N’étant pas un précurseur obligatoire, les critères narratifs posent les bases légales et pragmatiques facilitant le développement et l’application ultérieurs des critères numériques. Toutefois, il demeure essentiel, afin d’implanter pleinement les deux types de critères biologiques, de posséder une base de données substantielle permettant de les supporter (Gibson et al., 1996).
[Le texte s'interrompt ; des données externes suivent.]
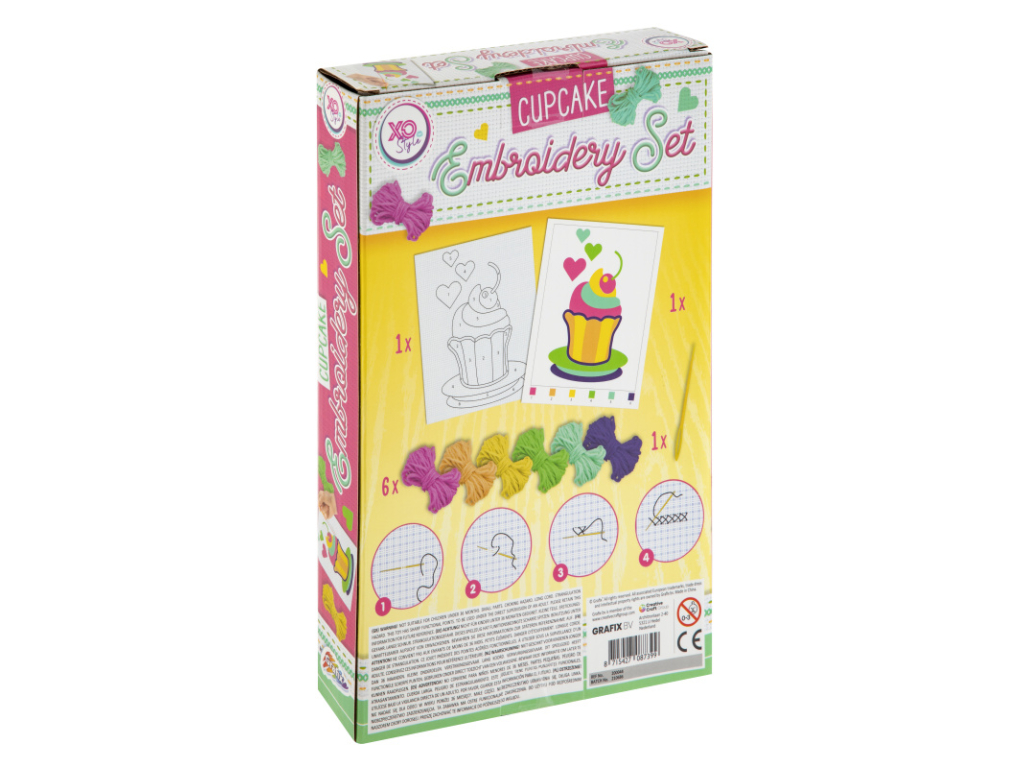 Vyšívání křížkovým stehem - Dort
Certaines instances environnementales emploient les critères narratifs afin de déterminer l’attribut écologique régional telles que les mesures de composition et diversité taxonomique tandis que d’autres, adoptent ces derniers afin d’identifier la source de la pollution diffuse ou ponctuelle dans l’optique de protéger l’écosystème aquatique et de déterminer l’usage réel et potentiel du milieu (CCME, 2006a).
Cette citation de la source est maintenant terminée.